화학공학소재연구정보센터
Applied Energy, Vol.233, 827-839, 2019
Energy water nexus under energy mix scenarios using input output and ecological network analyses
Increasing demand for energy, an evolving electricity-generation mix, and water demand from competing sectors have important implications for water budgets and energy planning. To evaluate the water-related impacts of energy-related decisions, we built a national energy water nexus scenario analysis assessment framework by extending input output analysis (IOA) to future energy mix scenarios of China. The scenarios for China out to 2050 include four low-carbon-development scenarios that are planned in climate change mitigation roadmaps and one baseline scenario. Sectoral direct energy, direct water, water-related energy, and energy-related water consumption were inventoried. Sectoral embodied consumption of water and energy and their inter-sector flows were mapped using IOA to create energy water nexus networks. A sectoral nexus was defined to investigate the impact of the energy water linkage on energy and water systems. Sectoral control and dependence relationships were revealed by ecological network analysis. Results showed that nexus impact on the water system was larger than that on the energy system. The main export and import pairs-Chemical industry-Agriculture (Ag), Manufacturing-Ag, Ag Metal smelting and pressing (Me), and Me-Electricity (El) should be critical pathways for nexus management via the adjustment of sectoral economic relationships.

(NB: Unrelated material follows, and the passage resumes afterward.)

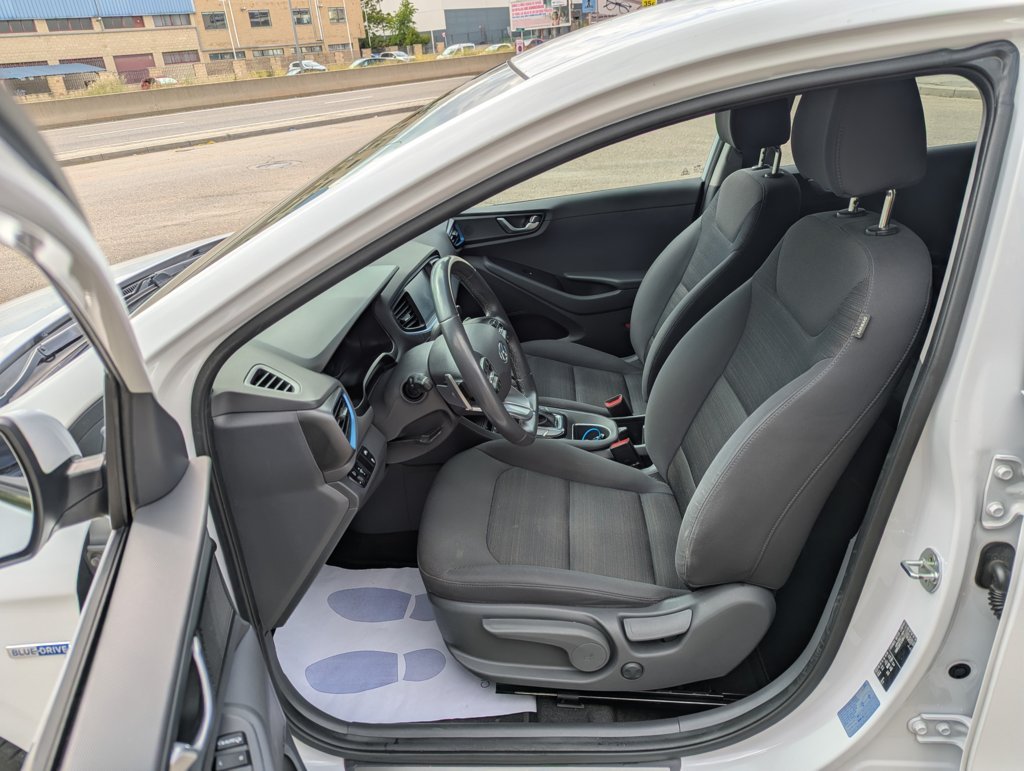 MIDCar coches ocasión Madrid HYUNDAI  iONIQ 1.6 GDI HEV Tecno DCT Hybrid Etiqueta ECO Nacional 1Dueño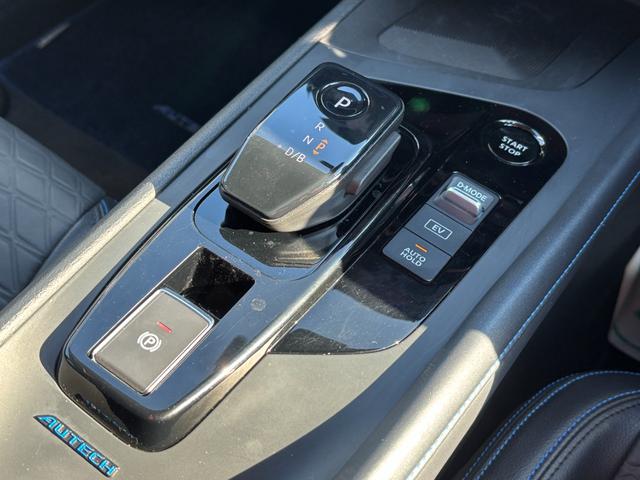 ノート オーテック　クロスオーバー　１オーナー禁煙車　純正９型ナビ　全方位モニター　寒冷地仕様　プロパイロット　デジタルインナーミラー　ＨＤＭＩ　ＥＴＣ２．０　前後ドラレコ　シート／ステアリングヒーター　純１６インチＡＷ　新車保証継承（16枚目）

The sectors with a high nexus impact-Ag, El, and Me-should decrease their energy and water consumption to achieve outsized system-wide savings. Sectors with a low nexus impact such as domestic services; transport, storage and post services; and water production and supply-can increase their energy and water consumption with a lesser impact on the wider system. The low-carbon-development scenario exhibited the lowest nexus impact, followed by the enhanced low-carbon scenario, whose energy mix also exerted the lowest pressure on the water system. By analyzing the tradeoffs between energy, water, and carbon emissions under five scenarios, this study provides insights for nexus management on how to balance water shortage issues and the development of energy generation in future energy and water resource planning.